[Opening Records provided section]

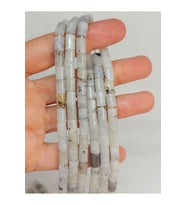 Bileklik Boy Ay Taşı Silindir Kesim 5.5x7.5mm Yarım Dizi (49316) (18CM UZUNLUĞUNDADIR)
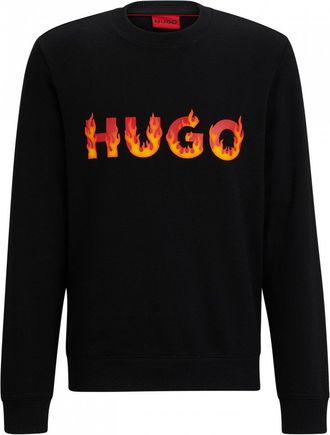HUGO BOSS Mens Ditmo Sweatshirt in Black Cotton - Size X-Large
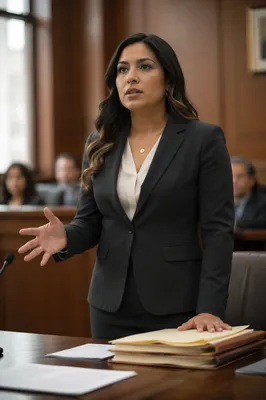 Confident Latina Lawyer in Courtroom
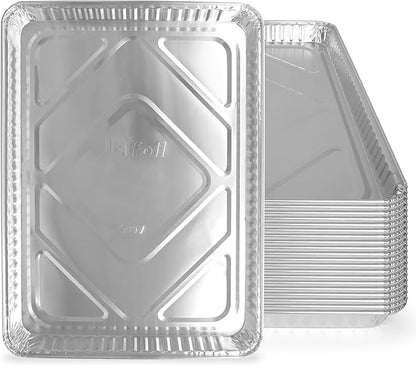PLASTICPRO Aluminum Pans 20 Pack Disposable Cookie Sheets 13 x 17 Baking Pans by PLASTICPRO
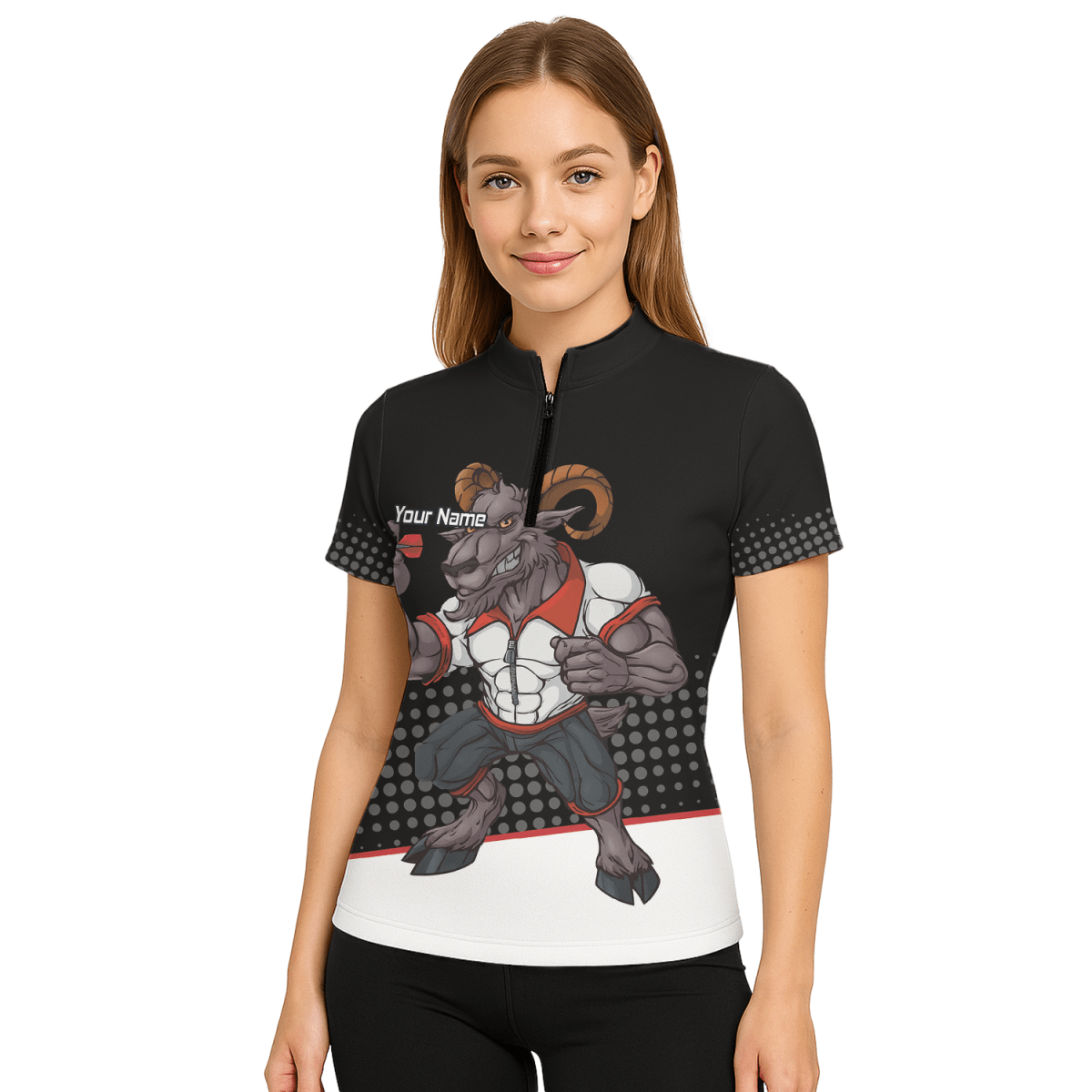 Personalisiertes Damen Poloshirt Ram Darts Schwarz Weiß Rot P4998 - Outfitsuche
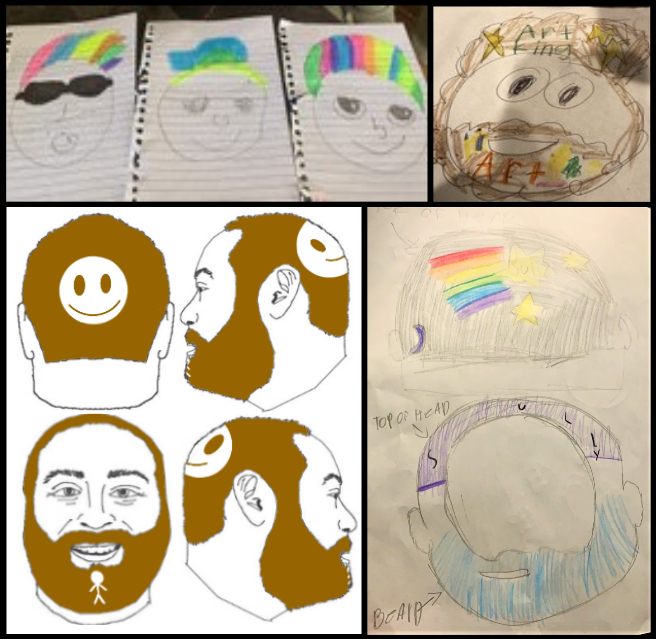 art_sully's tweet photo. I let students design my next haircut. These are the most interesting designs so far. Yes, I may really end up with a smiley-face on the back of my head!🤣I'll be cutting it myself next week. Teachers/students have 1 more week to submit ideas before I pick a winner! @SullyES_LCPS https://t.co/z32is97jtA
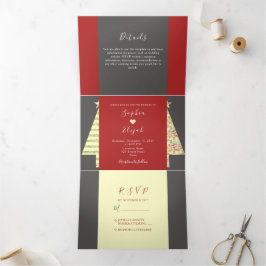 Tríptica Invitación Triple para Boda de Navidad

[Closing Records provided section]
[Opening Records provided section]

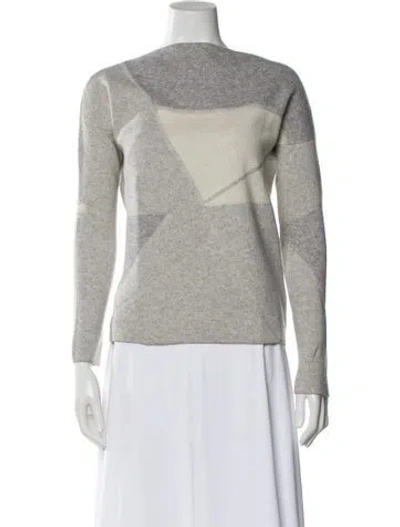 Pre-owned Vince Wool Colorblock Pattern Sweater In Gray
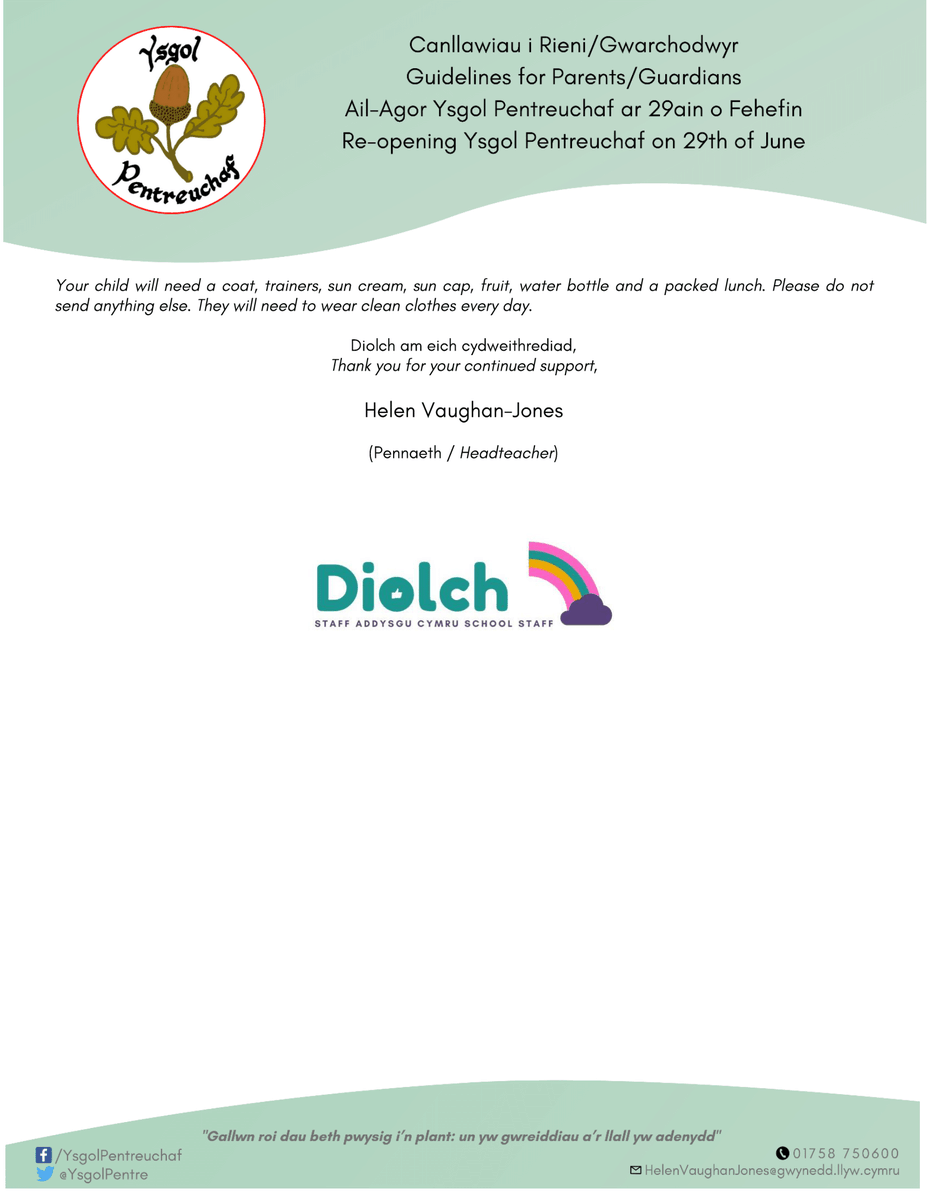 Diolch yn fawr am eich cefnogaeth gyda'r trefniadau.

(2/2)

[Closing Records provided section]

• _Required action_
Reproduce word for word, with pictures dropped, only the part of the material above that opens with the line containing "Bileklik Boy Ay" and closes with the line containing "Tríptica Invitación Triple".

• _Result for this exercise_
 Bileklik Boy Ay Taşı Silindir Kesim 5.5x7.5mm Yarım Dizi (49316) (18CM UZUNLUĞUNDADIR)
HUGO BOSS Mens Ditmo Sweatshirt in Black Cotton - Size X-Large
 Confident Latina Lawyer in Courtroom
PLASTICPRO Aluminum Pans 20 Pack Disposable Cookie Sheets 13 x 17 Baking Pans by PLASTICPRO
 Personalisiertes Damen Poloshirt Ram Darts Schwarz Weiß Rot P4998 - Outfitsuche
 art_sully's tweet photo. I let students design my next haircut. These are the most interesting designs so far. Yes, I may really end up with a smiley-face on the back of my head!🤣I'll be cutting it myself next week. Teachers/students have 1 more week to submit ideas before I pick a winner! @SullyES_LCPS https://t.co/z32is97jtA
 Tríptica Invitación Triple para Boda de Navidad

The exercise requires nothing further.